À titre indicatif, deux prérequis sont nécessaires pour obtenir le statut le moins contraignant, à l’OIF celui d’observateur : « se fonder sur une volonté de favoriser le développement de l‘usage du français, quel que soit son usage effectif au moment de la demande » et « un intérêt réel pour les valeurs défendues par la Francophonie, et ses programmes ». S’il se pose la question de la solidité d’une communauté francophone, sur ces bases, ils permettent néanmoins d’ouvrir la porte de l’Organisation à des pays reconnaissant la qualité de l’apport de la France à la communauté mondiale à travers sa culture, ses valeurs et apports juridiques, accroissant ainsi le rayonnement de l’Organisation, et de la Francophonie.
Un incontestable potentiel
En 2025, on estime qu’il y a environ 348 millions de francophones dans le monde. Ce chiffre inclut les personnes qui parlent le français comme langue maternelle, seconde langue ou langue étrangère.
Le français est langue officielle ou co-officielle dans 29 pays souverains à travers le monde. Si l’on inclut également certains territoires non souverains (comme le Québec au Canada ou la Wallonie en Belgique), ce nombre peut s’élever à environ 47 entités où le français a un statut officiel.
Le Français est la 5ème langue des publications sur l’internet. On aurait pu s’attendre à un classement légèrement plus favorable, mais Il faut tenir compte de la relative faiblesse de la population nationale, la France se classant au…. 22ème rang mondial. En 2022, on comptait 144 millions d’apprenants du et en français dans le monde.
A travers ces chiffres, on constate la réalité d’un univers linguistique et culturel francophone, dépassant les presque 69 millions de citoyens français. La France est donc totalement fondée d’avoir créé, avec la contribution de pays partenaires, une institution regroupant cette fraternité culturelle.
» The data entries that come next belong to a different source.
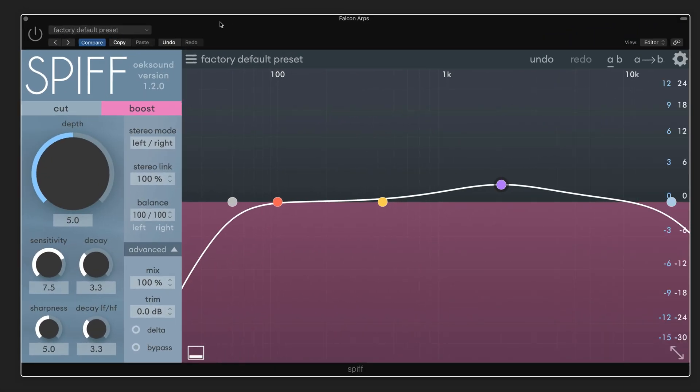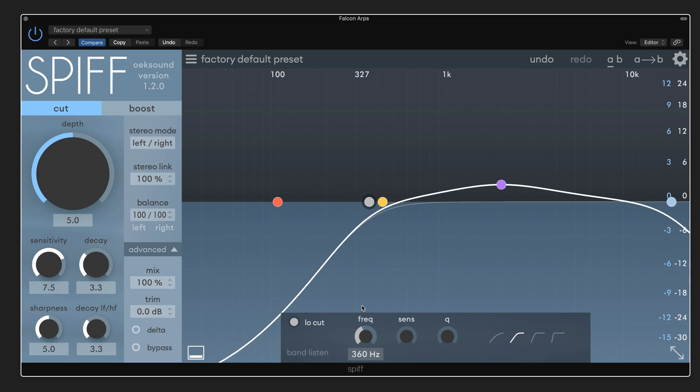Here's another example on an arpeggiated keyboard part. Here's what it is without Spiff. You can hear that there's some sharp transients in the upper mids. I could slap a compressor on, but that's not what I want to do — it'll tame them, but I want to change the nature of the attack and just soften it a little bit. So let me enable this, put it into cut mode, and let's start putting it to work. I'm going to start with this first band, which I know I want to roll off fairly high — I don't really need much action below there.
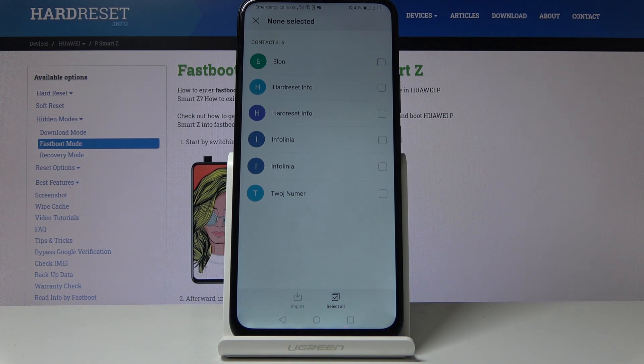you'll have a list of all the contacts that are located on the SIM card. Now there's not very many, as you can see only six, but in your case there might be more.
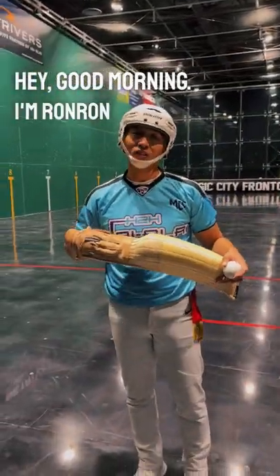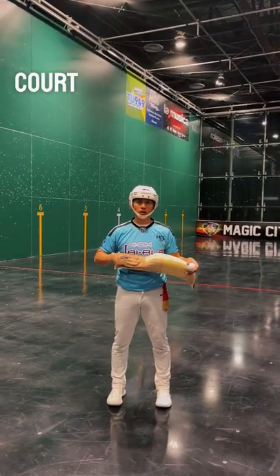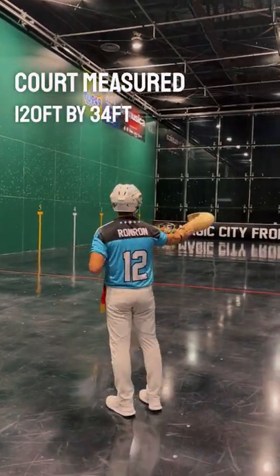Hey, good morning. I'm Ron Ron. Today I'm going to give you a full rundown of the court. We play on a 3-hole court, measured 120 feet by 34 feet.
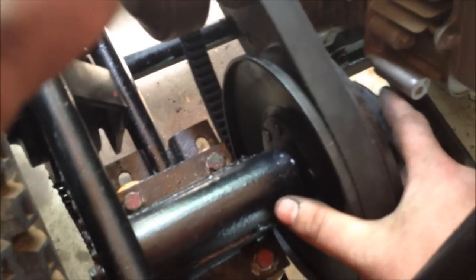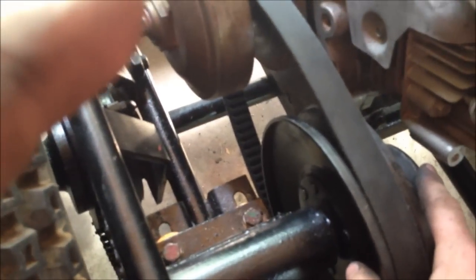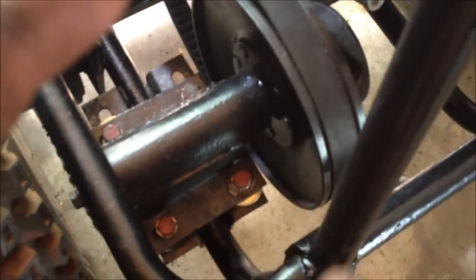But if I raise it more I might end up hitting right here — that's not much clearance. I've got the engine all the way back, as far as it'll go.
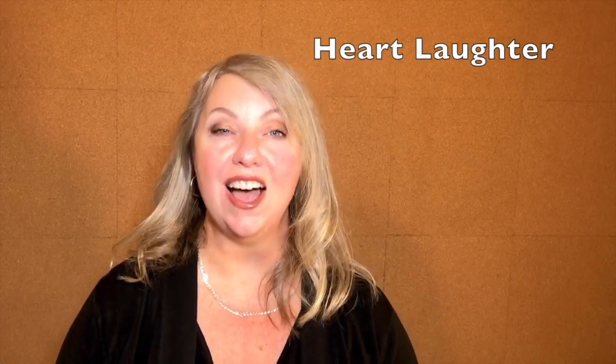Our next laughter yoga exercise is heart laughter. I love the way Jeffrey Breyer teaches heart laughter — he has his club in California and it's so beautiful. You take your hands and you place them over your heart, then you breathe out and just laugh at anything that's around you. Just place your hands towards your heart, breathe in, and then just laugh a big hearty laugh.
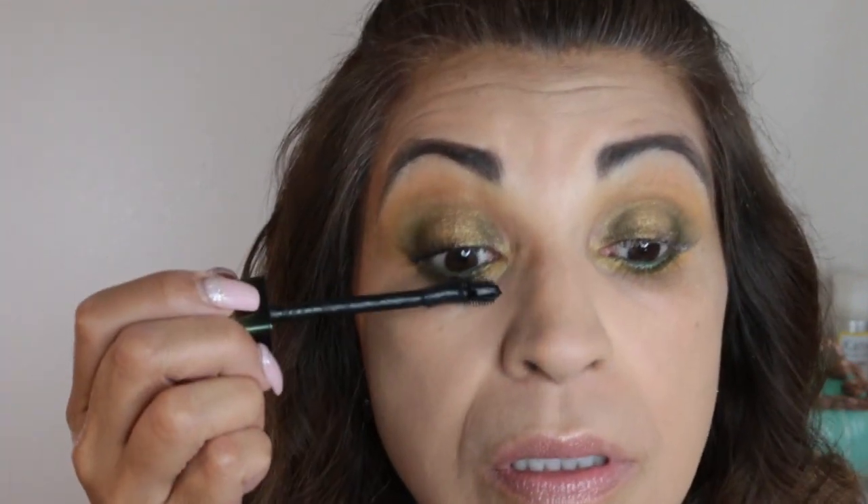Now I'm going to use my L'Oreal Voluminous Lash Primer. Then I'm going to use my Lash Warrior in black. If you guys have not tried the Lash Warrior by Flower Beauty, you're missing out. If you have tried it, let me know what you think in the comment section.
L’OIF est maintenant forte de 88 États et gouvernements, sous les statuts de Membre, Membre associé, et observateur.
Les projections démographiques des prochaines décennies indiquent que la population francophone s’accroîtra de façon significative. Il est pratiquement certain que le chiffre de 600 millions de francophones sera atteint et dépassé au cours du XXIème siècle. Il faut naturellement tenir compte des incertitudes liées au temps long, mais le niveau de telles perspectives imposen de réfléchir dès maintenant aux stratégies à mettre en place.
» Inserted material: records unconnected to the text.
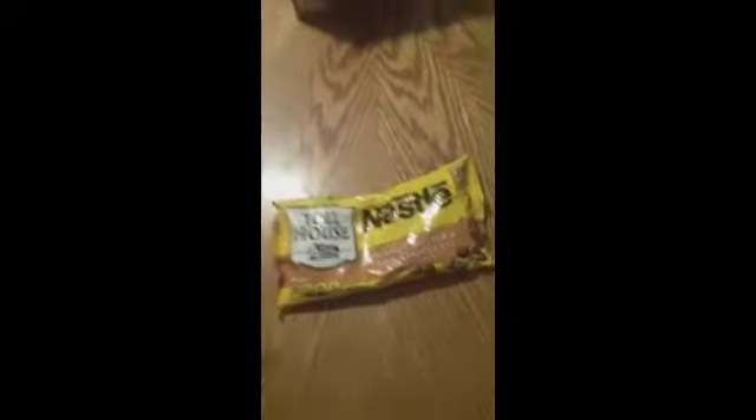Let's get right into it. So you'll need one box of Betty Crocker chocolate fudge cake mix. The next thing you'll need is one bag of Nestle Toll House peanut butter and milk chocolate chips.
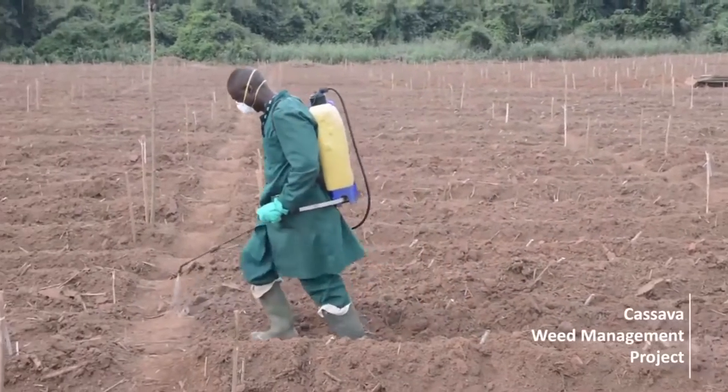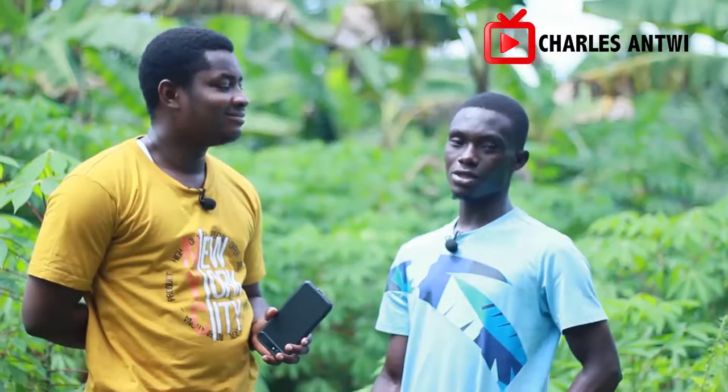After applying weedicide and doing the planting, when the weeds grow back — do I apply weedicide again? How many times before the cassava matures? Maybe twice or once, depending on the type of weeds that are growing. Some weeds are very stubborn and spring up very fast. But for me I just use weedicide once at the beginning of planting and I don't use it again — that is how I plant my cassava.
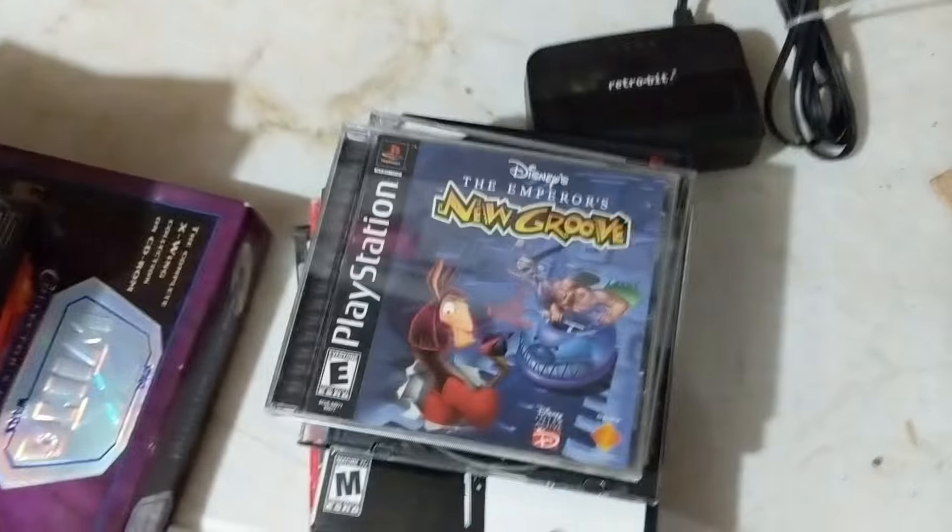Some of the best parts: we've got four Sega Saturns, the Jungle Green N64, the GameCubes with cords are nice, and then these are the PS1s with AV out — a whole stack of them.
Les limites et difficultés
À la différence du Commonwealth of Nations, qui lie les anciens « joyaux » de l’Empire britannique à la Grande-Bretagne depuis 1926 (ou 1949 dans sa forme actuelle), la dimension économique n’a jamais été au centre du projet francophone. La France oublie que les dynamiques de ses expansions culturelles vers d’autres continents, résultent en réalité d’une démarche initiale, commerçante. Rendons hommage à la Compagnie des Indes….
A cette limite conceptuelle, s’ajoute les inhérentes difficultés de la vie d’une organisation internationale avec une majeure africaine. L’absence d’une anticipation et d’une évolution de la politique française en Afrique a conduit à des désaccords profonds, alimentés d’ailleurs par des puissances non amicales…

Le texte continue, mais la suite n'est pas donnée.